Task details :: Output only the lines below from the one containing "Nghiêm Tuyển Tiên Thê: Chapter 48: End" to the one containing "creator G0ku15's avatar", exactly as written, both ends kept.

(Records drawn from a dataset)

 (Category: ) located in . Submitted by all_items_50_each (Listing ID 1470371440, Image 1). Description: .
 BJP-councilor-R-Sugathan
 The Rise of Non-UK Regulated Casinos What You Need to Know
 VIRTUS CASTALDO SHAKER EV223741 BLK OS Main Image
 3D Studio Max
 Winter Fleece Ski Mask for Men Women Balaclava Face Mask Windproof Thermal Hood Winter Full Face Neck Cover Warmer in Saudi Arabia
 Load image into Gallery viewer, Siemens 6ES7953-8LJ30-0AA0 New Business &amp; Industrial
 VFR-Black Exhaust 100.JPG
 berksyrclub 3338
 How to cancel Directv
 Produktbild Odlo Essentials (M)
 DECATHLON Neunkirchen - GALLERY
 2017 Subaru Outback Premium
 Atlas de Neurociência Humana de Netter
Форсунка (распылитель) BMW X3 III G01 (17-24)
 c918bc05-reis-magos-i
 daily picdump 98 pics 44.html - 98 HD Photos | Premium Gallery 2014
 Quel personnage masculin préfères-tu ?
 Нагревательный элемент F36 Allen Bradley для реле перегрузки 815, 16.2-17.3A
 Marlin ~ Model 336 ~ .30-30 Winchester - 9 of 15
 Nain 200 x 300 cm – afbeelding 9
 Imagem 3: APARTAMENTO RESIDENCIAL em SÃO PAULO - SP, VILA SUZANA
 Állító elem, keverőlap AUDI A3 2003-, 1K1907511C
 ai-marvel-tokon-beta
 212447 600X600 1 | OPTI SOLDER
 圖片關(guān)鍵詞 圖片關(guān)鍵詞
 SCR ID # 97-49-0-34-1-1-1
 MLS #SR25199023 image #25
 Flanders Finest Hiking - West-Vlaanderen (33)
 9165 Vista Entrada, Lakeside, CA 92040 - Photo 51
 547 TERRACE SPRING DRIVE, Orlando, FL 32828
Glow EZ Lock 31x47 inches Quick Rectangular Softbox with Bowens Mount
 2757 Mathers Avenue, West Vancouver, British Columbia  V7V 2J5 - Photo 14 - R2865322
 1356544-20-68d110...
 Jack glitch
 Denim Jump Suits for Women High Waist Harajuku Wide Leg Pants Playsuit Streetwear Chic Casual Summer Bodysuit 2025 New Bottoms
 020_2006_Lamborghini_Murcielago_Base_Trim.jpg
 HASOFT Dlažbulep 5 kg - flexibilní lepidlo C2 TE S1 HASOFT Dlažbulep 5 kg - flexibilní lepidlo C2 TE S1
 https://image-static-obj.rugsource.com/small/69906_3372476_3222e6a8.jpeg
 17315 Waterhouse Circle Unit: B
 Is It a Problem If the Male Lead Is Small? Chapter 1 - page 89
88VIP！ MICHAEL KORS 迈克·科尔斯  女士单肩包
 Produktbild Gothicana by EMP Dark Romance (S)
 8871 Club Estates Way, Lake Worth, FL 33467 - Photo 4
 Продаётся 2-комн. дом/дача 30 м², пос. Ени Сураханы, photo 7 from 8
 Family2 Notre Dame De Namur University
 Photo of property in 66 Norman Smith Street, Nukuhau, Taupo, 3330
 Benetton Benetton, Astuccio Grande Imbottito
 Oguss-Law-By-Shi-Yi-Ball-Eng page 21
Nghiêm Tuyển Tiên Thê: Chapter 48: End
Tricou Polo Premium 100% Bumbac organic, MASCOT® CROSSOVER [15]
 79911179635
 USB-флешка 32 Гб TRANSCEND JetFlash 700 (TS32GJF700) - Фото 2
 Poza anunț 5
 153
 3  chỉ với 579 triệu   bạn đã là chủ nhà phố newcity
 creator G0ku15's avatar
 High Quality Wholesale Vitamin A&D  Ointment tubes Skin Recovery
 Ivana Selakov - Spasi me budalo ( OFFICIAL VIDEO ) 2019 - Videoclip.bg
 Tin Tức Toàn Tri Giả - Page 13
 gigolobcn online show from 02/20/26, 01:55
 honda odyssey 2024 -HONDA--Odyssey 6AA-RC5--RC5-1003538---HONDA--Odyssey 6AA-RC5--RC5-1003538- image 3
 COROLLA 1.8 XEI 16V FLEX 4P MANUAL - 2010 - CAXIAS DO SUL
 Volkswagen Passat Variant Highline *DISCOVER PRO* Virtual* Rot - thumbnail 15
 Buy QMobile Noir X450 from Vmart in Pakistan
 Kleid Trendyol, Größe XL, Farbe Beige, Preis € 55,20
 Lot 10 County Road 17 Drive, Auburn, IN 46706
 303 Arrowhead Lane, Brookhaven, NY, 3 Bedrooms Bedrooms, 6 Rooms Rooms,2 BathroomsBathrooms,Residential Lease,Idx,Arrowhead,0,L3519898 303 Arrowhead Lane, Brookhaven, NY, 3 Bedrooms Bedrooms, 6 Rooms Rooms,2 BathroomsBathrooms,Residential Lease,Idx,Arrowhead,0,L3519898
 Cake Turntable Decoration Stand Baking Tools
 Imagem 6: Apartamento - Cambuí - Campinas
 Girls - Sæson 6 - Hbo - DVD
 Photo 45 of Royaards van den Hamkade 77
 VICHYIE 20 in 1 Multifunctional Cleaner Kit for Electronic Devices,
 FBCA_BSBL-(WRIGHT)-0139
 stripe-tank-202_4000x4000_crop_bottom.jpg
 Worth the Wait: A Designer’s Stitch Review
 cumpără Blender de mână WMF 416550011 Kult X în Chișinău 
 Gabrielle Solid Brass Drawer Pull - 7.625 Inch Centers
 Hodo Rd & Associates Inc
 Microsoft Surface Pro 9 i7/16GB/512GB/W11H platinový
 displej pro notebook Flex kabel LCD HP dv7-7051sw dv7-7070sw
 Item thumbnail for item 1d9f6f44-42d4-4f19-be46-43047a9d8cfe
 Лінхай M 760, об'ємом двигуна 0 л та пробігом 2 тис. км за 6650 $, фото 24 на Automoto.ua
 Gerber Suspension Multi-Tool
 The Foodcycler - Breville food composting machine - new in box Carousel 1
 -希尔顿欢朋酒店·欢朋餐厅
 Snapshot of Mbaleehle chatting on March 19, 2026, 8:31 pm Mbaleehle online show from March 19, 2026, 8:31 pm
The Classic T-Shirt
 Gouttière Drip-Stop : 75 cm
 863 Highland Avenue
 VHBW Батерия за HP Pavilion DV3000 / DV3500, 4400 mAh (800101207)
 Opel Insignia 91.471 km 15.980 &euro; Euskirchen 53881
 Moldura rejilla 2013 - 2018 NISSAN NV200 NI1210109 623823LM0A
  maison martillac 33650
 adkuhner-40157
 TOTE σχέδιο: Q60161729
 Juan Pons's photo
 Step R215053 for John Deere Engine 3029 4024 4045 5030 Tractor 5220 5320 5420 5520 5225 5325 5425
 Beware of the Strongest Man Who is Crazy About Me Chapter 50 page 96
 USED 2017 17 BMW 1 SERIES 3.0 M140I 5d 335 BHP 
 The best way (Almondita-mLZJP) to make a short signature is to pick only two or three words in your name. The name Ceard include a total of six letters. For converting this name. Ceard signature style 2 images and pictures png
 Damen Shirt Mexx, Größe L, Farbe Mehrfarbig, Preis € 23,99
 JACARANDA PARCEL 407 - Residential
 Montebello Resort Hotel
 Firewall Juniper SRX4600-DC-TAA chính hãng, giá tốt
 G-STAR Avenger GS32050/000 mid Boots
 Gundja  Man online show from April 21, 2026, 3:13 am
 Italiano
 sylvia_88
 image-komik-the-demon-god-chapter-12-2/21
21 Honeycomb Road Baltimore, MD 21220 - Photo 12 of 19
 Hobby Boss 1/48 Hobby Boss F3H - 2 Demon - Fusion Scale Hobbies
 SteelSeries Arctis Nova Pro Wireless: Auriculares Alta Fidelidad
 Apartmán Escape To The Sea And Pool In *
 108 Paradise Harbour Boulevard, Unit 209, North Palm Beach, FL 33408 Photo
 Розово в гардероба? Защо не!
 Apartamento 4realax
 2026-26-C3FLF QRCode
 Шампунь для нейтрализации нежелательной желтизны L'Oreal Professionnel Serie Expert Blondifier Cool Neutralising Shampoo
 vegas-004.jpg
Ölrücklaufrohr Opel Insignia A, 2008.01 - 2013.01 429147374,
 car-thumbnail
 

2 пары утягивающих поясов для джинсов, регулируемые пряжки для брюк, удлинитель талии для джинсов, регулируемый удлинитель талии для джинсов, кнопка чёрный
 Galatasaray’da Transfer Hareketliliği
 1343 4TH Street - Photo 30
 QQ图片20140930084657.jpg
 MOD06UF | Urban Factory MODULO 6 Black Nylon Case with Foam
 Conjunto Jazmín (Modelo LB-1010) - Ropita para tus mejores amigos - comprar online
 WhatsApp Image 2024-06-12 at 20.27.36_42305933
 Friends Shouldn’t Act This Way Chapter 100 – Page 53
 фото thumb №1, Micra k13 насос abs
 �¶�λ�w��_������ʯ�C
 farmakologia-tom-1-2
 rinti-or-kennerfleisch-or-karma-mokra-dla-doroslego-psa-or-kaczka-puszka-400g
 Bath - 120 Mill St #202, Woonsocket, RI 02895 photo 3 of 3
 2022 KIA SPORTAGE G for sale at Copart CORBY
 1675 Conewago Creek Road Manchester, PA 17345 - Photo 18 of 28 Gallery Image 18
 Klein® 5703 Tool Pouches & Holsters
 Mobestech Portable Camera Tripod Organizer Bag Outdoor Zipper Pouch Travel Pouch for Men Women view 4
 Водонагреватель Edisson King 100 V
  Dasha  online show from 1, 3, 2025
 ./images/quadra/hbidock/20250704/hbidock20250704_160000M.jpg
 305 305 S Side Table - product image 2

Response to the exercise ::
Nghiêm Tuyển Tiên Thê: Chapter 48: End
Tricou Polo Premium 100% Bumbac organic, MASCOT® CROSSOVER [15]
 79911179635
 USB-флешка 32 Гб TRANSCEND JetFlash 700 (TS32GJF700) - Фото 2
 Poza anunț 5
 153
 3  chỉ với 579 triệu   bạn đã là chủ nhà phố newcity
 creator G0ku15's avatar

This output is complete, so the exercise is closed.